Florida is in a serious funk.

The big question is whether this now turns into a serious recession.

In a May report, Goldman Sachs economist Jan Hatzius called Florida the "Epicenter of the U.S. Housing Bust." Home prices are overvalued by 40 percent, with Florida also having the biggest glut of homes on the market in America.

Prices will drop over a few years, with the correction "likely to cause an outright recession."

Hatzius warned that "businesses with significant sales in Florida could encounter problems for an extended period of time."

There are some disturbing signs of bad times ahead.

Consumer confidence in Florida is falling, according to surveys by the University of Florida's Bureau of Economic and Business Research Office.

Residents are "growing much more pessimistic about the economy and their finances," says survey director Chris McCarty.

The gloom has spread from low-income workers, who take the biggest hit with rising gas prices, to those in the upper income levels.
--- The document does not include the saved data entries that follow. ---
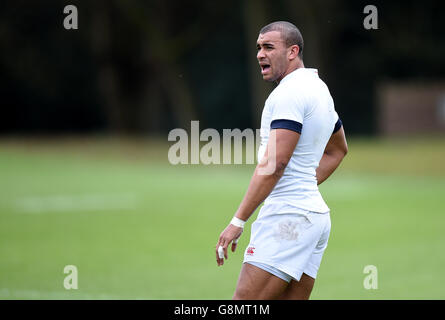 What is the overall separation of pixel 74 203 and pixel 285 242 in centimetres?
1558

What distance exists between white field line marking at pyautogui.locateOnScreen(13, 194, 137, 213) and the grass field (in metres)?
0.03

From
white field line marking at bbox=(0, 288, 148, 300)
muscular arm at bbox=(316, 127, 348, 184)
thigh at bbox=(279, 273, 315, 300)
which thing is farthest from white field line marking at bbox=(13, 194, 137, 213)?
thigh at bbox=(279, 273, 315, 300)

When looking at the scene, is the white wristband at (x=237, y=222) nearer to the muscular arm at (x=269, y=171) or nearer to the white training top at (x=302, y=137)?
the muscular arm at (x=269, y=171)

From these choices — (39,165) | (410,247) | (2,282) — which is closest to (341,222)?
(410,247)

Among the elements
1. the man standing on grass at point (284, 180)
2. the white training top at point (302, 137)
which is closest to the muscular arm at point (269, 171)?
the man standing on grass at point (284, 180)

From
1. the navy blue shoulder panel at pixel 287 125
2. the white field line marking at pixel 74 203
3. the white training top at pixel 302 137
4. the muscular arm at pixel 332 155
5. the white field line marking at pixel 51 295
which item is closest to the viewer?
the navy blue shoulder panel at pixel 287 125

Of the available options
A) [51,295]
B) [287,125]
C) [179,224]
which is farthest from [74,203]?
[287,125]

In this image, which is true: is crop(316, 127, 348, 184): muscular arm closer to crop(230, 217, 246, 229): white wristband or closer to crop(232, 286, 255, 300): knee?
crop(230, 217, 246, 229): white wristband

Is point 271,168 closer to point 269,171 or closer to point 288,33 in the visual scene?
point 269,171

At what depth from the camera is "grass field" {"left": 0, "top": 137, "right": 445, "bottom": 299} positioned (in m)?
10.8

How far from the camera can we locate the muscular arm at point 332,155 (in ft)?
20.8

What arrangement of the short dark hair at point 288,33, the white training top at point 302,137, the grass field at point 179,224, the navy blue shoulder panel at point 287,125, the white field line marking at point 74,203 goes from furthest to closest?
the white field line marking at point 74,203 → the grass field at point 179,224 → the short dark hair at point 288,33 → the white training top at point 302,137 → the navy blue shoulder panel at point 287,125

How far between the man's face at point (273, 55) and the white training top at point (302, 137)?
11cm

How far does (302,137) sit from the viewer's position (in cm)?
565
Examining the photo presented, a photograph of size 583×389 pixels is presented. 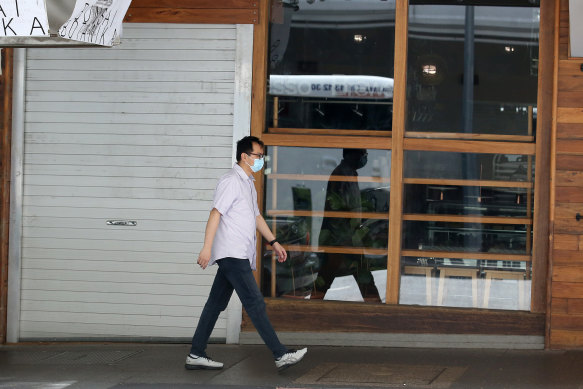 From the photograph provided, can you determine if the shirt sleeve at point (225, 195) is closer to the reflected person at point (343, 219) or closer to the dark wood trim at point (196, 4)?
the reflected person at point (343, 219)

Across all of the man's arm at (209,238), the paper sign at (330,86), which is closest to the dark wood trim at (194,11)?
the paper sign at (330,86)

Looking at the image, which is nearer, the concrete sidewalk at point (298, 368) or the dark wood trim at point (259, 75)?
the concrete sidewalk at point (298, 368)

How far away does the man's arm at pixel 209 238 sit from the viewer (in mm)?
7203

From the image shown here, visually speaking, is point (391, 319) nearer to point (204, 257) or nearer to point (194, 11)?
point (204, 257)

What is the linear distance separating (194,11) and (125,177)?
1709mm

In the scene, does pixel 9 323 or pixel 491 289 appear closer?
pixel 491 289

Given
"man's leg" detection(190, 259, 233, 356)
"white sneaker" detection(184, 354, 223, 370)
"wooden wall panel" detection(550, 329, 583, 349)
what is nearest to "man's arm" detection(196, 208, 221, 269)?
"man's leg" detection(190, 259, 233, 356)

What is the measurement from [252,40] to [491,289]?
3183mm

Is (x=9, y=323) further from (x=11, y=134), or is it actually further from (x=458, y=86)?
(x=458, y=86)

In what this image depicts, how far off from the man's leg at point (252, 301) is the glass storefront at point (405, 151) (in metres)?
1.60

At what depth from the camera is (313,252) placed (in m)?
9.02

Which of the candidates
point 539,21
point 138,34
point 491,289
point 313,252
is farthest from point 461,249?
point 138,34

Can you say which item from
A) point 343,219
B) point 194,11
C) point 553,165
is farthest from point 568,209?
point 194,11

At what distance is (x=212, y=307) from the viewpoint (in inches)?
302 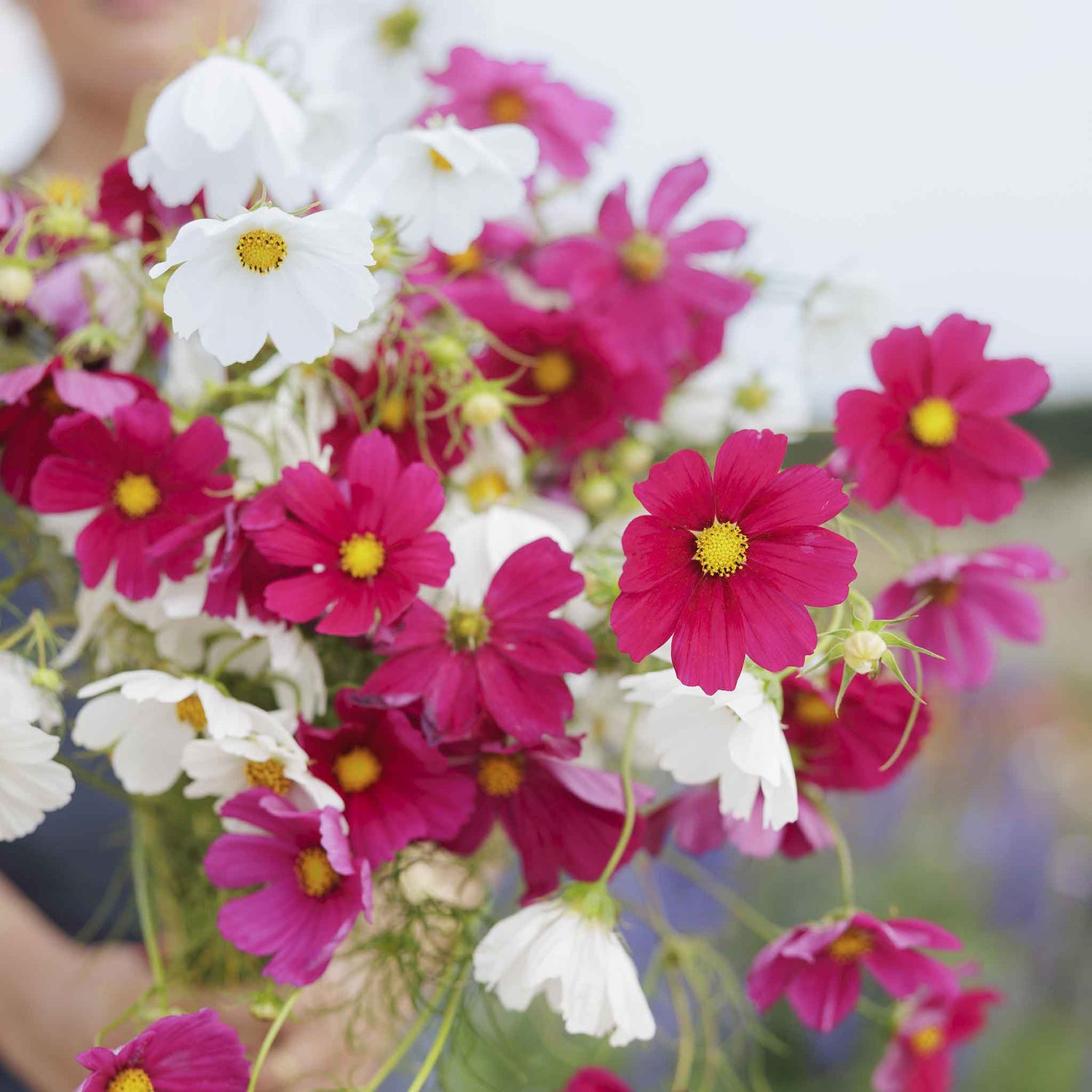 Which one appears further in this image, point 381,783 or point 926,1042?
point 926,1042

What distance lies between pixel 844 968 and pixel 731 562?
14cm

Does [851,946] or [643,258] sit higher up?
[643,258]

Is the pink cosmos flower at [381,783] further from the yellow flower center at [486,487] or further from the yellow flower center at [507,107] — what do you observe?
the yellow flower center at [507,107]

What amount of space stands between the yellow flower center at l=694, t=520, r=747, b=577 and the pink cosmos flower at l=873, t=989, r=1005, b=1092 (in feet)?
0.70

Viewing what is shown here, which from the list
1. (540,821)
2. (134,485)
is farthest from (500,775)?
(134,485)

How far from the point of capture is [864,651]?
8.3 inches

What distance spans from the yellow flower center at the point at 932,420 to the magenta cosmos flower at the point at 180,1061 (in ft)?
0.73

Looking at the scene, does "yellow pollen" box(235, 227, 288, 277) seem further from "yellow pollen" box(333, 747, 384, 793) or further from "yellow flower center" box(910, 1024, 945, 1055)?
"yellow flower center" box(910, 1024, 945, 1055)

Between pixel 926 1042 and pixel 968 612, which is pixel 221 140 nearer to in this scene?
pixel 968 612

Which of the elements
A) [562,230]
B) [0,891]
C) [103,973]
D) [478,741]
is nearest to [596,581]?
[478,741]

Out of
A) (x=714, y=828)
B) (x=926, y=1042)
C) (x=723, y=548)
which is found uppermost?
(x=723, y=548)

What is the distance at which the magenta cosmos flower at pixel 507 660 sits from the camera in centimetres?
→ 25

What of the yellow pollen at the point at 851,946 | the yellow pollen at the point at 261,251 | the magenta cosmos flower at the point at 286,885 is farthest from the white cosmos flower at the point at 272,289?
the yellow pollen at the point at 851,946

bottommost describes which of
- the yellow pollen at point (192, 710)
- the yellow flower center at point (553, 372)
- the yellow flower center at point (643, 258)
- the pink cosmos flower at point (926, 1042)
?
the pink cosmos flower at point (926, 1042) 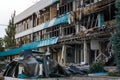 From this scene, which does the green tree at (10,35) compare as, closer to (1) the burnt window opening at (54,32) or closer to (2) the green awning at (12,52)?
(2) the green awning at (12,52)

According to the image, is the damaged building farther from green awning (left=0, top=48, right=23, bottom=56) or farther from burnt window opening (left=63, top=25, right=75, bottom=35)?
green awning (left=0, top=48, right=23, bottom=56)

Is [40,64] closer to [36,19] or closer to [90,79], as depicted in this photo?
[90,79]

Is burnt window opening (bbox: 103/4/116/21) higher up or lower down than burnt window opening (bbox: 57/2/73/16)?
lower down

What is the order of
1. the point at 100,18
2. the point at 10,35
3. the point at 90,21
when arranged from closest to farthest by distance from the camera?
the point at 100,18 → the point at 90,21 → the point at 10,35

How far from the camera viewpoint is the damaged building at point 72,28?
106ft

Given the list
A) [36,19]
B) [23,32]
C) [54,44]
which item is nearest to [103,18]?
[54,44]

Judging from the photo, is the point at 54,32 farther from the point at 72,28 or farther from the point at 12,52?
the point at 12,52

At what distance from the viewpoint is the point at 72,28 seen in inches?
1645

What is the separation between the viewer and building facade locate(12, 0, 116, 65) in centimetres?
3241

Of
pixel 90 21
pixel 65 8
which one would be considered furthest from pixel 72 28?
pixel 90 21

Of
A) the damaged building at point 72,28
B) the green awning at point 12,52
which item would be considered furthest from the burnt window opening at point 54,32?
the green awning at point 12,52

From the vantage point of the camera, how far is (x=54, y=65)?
2259 cm

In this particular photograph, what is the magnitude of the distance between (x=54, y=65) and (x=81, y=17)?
15.2 meters

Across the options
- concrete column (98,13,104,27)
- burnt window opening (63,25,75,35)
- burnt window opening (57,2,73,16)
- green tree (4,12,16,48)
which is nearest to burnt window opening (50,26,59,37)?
burnt window opening (57,2,73,16) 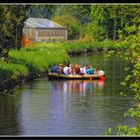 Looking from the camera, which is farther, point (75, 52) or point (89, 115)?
point (75, 52)

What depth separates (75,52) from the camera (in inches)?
2916

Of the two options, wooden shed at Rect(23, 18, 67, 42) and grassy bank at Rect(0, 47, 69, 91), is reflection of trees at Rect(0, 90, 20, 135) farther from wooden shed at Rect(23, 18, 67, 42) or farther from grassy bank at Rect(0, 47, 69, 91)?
wooden shed at Rect(23, 18, 67, 42)

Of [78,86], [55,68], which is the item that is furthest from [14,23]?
[78,86]

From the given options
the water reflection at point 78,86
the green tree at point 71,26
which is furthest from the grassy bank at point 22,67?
the green tree at point 71,26

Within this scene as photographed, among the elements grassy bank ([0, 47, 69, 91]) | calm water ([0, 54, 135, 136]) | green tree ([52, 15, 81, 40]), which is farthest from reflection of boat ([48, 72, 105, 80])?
green tree ([52, 15, 81, 40])

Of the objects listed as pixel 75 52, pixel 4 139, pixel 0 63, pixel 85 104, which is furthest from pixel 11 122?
pixel 75 52

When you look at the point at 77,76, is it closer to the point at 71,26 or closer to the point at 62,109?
the point at 62,109

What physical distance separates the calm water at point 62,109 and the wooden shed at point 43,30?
56176 mm

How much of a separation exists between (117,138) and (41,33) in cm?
9174

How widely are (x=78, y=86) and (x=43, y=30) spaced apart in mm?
59688

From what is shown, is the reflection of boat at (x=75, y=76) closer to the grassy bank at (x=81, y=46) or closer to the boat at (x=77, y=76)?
the boat at (x=77, y=76)

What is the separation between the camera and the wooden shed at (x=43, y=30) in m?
93.2

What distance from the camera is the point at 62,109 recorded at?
25.7 meters

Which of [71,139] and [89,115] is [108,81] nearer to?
[89,115] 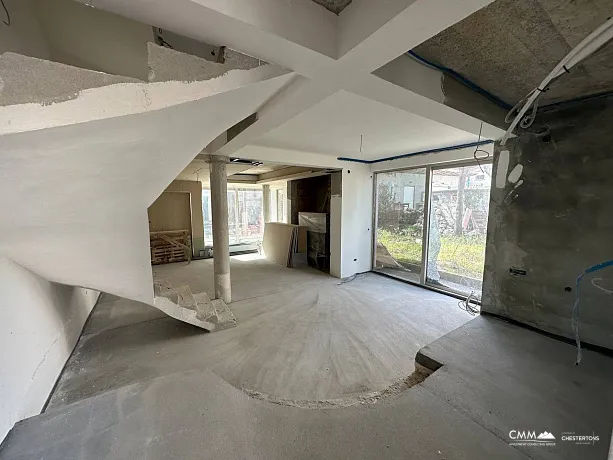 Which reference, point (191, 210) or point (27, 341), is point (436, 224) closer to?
point (27, 341)

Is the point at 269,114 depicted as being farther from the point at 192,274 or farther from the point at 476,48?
the point at 192,274

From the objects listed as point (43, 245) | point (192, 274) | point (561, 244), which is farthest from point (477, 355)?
point (192, 274)

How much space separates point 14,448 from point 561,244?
12.9ft

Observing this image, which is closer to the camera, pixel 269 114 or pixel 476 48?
pixel 476 48

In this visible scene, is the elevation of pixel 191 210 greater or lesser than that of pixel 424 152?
lesser

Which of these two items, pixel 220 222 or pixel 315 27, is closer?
pixel 315 27

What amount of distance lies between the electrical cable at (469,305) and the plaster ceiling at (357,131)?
239 cm

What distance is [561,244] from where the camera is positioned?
6.56 feet

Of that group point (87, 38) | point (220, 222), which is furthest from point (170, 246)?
point (87, 38)

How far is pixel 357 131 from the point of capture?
2.93m

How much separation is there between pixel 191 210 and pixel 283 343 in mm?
5721

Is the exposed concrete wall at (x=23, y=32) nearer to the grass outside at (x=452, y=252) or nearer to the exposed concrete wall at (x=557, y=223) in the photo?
the exposed concrete wall at (x=557, y=223)

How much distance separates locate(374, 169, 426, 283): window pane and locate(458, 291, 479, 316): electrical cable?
0.95 m

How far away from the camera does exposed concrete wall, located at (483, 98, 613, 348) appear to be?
5.94 feet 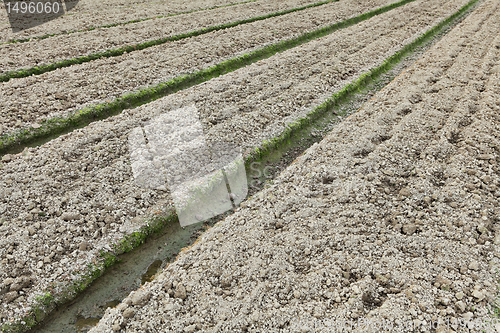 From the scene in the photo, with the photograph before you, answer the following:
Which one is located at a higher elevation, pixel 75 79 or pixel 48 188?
pixel 75 79

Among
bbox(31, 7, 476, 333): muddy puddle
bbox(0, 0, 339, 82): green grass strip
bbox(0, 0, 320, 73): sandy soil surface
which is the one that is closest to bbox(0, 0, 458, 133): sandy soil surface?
bbox(0, 0, 339, 82): green grass strip

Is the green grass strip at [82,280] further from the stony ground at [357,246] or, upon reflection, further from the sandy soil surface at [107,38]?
the sandy soil surface at [107,38]

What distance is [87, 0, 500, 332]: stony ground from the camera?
4.41 meters

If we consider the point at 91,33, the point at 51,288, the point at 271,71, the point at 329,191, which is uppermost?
the point at 91,33

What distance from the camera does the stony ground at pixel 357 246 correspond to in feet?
14.5

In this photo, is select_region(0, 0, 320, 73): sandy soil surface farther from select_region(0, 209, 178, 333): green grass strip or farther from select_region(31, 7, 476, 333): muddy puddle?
select_region(31, 7, 476, 333): muddy puddle

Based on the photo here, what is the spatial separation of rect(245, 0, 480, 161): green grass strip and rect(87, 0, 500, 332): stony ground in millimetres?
1286

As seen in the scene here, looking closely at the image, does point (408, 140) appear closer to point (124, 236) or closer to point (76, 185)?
point (124, 236)

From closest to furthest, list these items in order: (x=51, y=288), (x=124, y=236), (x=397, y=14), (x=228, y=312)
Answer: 1. (x=228, y=312)
2. (x=51, y=288)
3. (x=124, y=236)
4. (x=397, y=14)

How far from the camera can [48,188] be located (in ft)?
22.2

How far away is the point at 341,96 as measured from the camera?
10859 mm

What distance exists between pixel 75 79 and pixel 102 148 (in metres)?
4.31

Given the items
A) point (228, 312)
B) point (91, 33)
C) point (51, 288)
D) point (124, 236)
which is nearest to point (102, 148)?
point (124, 236)

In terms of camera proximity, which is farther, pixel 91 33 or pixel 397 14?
pixel 397 14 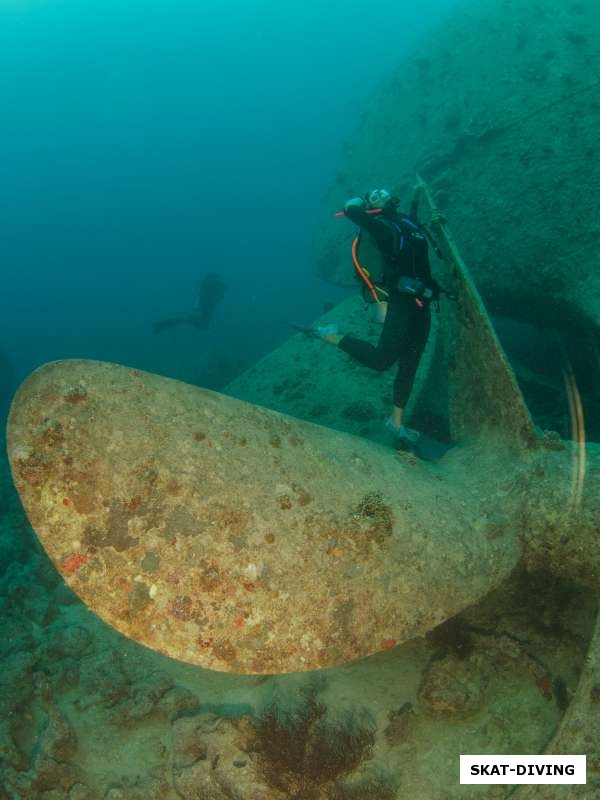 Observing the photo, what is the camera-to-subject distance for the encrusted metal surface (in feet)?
8.51

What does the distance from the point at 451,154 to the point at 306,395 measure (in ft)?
21.5

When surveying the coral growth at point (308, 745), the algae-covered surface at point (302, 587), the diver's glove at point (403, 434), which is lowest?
the coral growth at point (308, 745)

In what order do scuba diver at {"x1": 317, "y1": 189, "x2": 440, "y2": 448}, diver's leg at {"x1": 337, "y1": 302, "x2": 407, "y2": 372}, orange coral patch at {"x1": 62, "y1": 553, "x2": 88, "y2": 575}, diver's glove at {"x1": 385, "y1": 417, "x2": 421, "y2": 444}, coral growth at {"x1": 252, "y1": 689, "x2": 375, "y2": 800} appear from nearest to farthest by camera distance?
orange coral patch at {"x1": 62, "y1": 553, "x2": 88, "y2": 575} < coral growth at {"x1": 252, "y1": 689, "x2": 375, "y2": 800} < scuba diver at {"x1": 317, "y1": 189, "x2": 440, "y2": 448} < diver's leg at {"x1": 337, "y1": 302, "x2": 407, "y2": 372} < diver's glove at {"x1": 385, "y1": 417, "x2": 421, "y2": 444}

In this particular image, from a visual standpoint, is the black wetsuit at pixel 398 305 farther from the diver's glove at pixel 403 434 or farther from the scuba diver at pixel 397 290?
the diver's glove at pixel 403 434

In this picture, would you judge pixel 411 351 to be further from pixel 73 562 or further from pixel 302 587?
pixel 73 562

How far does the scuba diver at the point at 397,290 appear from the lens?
5387 mm

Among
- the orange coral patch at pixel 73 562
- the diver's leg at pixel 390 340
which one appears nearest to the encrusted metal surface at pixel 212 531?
the orange coral patch at pixel 73 562

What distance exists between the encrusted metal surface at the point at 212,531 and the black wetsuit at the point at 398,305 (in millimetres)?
2901

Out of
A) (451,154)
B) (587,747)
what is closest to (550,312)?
(451,154)

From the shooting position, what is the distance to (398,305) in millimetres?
5754

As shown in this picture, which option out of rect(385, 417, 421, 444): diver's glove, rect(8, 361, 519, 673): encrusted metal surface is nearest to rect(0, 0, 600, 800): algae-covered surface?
rect(8, 361, 519, 673): encrusted metal surface

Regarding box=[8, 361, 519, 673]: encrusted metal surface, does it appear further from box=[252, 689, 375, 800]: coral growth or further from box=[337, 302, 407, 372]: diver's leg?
box=[337, 302, 407, 372]: diver's leg

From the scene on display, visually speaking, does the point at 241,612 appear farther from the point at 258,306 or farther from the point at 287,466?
the point at 258,306

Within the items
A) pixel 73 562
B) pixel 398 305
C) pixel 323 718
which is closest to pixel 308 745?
pixel 323 718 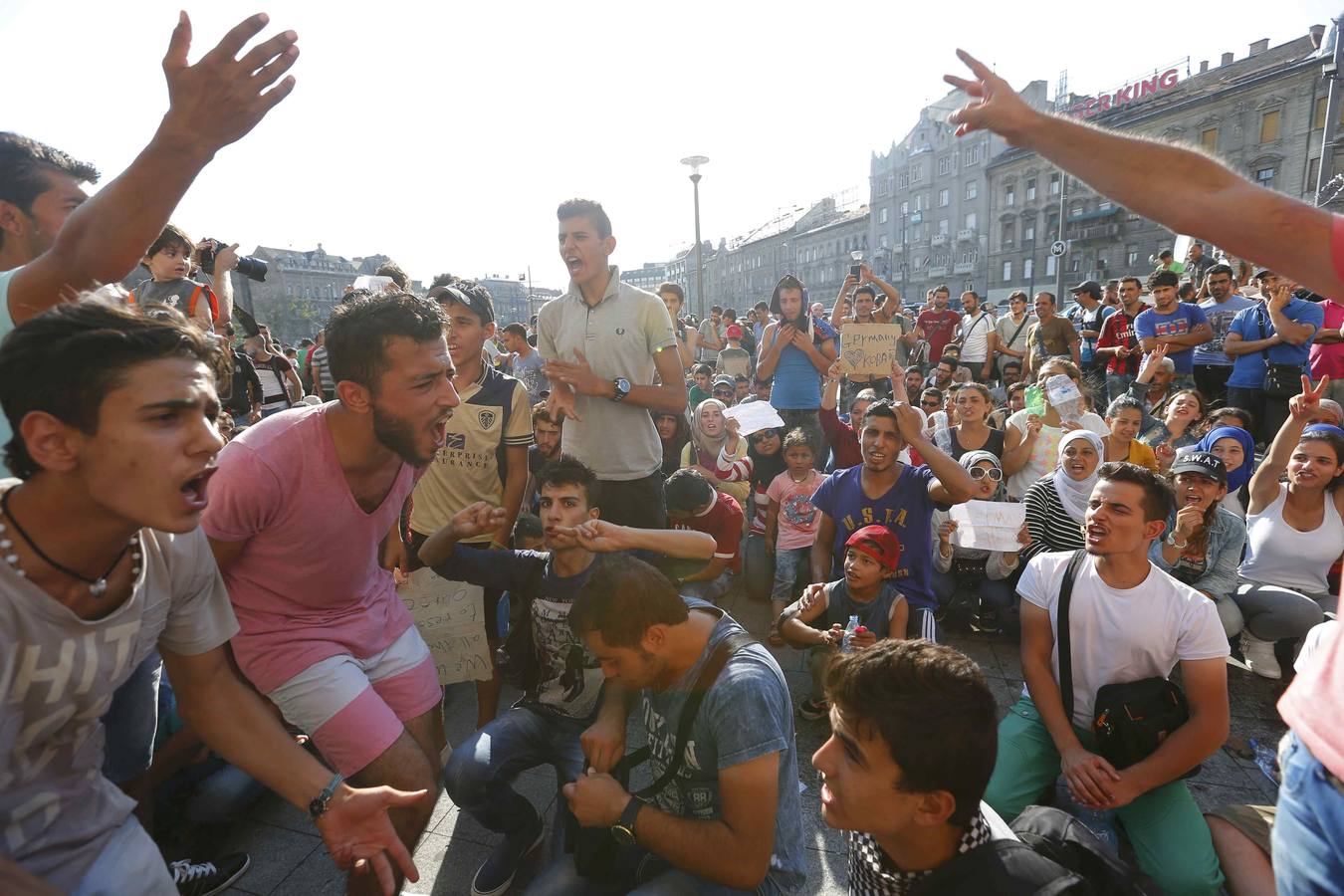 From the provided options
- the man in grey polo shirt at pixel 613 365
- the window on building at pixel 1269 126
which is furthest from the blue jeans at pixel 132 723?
the window on building at pixel 1269 126

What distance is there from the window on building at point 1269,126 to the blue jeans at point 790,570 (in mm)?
46402

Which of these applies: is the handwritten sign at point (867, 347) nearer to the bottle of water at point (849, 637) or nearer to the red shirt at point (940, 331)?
the bottle of water at point (849, 637)

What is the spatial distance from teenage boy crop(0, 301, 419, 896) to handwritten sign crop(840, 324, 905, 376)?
5234 millimetres

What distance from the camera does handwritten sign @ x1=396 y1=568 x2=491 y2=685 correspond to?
3178 mm

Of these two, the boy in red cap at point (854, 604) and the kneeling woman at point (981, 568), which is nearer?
the boy in red cap at point (854, 604)

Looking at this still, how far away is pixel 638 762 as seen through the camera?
2230mm

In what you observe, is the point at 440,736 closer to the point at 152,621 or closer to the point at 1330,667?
the point at 152,621

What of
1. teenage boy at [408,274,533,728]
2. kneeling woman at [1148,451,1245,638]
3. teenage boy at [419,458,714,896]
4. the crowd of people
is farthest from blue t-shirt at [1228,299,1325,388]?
teenage boy at [408,274,533,728]

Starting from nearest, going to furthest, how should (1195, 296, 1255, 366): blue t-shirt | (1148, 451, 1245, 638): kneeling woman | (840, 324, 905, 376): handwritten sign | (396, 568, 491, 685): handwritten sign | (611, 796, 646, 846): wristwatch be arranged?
(611, 796, 646, 846): wristwatch → (396, 568, 491, 685): handwritten sign → (1148, 451, 1245, 638): kneeling woman → (840, 324, 905, 376): handwritten sign → (1195, 296, 1255, 366): blue t-shirt

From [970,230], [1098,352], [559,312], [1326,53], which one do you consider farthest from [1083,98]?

With a healthy stock market, McCarty blames the sour mood on housing.

"I think a lot of people used home equity to fuel spending, and that is not there now," he says. "I don't think steady employment growth is enough to make up for that."

Hatzius' report backs this, citing numbers that show Florida residents fueled spending more with equity loans than did homeowners in the nation as a whole.

Sales-tax figures from the state show spending is falling fast.

Tax collections in April came in $43 million less than what was predicted. And the prediction was made in March.

In May, collections came in a whopping $70.3 million below the prediction.

The trend line is not good.


The meltdown scenario would be if reduced spending leads to layoffs, because the job market here has been our saving grace.

The soft-landing scenario is that jobs and income growth remain strong, allowing the market to absorb the huge inventory of homes without major price corrections. There are analysts who believe this will be the case and think fears of a Florida recession are greatly exaggerated.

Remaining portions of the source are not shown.